■ Data extract
==================================================

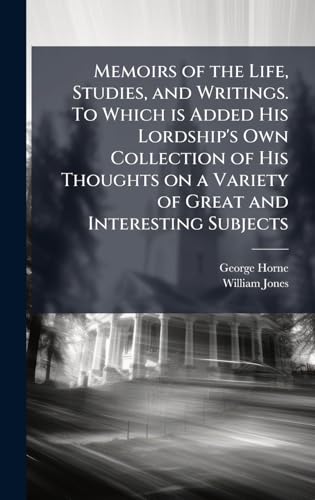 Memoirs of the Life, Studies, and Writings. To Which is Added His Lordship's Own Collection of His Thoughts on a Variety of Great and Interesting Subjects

==================================================

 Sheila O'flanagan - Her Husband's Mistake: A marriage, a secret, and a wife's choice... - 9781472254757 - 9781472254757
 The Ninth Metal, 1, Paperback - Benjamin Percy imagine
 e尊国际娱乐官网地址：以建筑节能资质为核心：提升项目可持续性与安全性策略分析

==================================================

■ What is required
Only one stretch of the records above is wanted: the lines between the one holding "Sheila O'flanagan - Her" and the one holding "e尊国际娱乐官网地址：以建筑节能资质为核心：提升项目可持续性与安全性策略分析", inclusive, reproduced exactly.

■ Answer to the problem
 Sheila O'flanagan - Her Husband's Mistake: A marriage, a secret, and a wife's choice... - 9781472254757 - 9781472254757
 The Ninth Metal, 1, Paperback - Benjamin Percy imagine
 e尊国际娱乐官网地址：以建筑节能资质为核心：提升项目可持续性与安全性策略分析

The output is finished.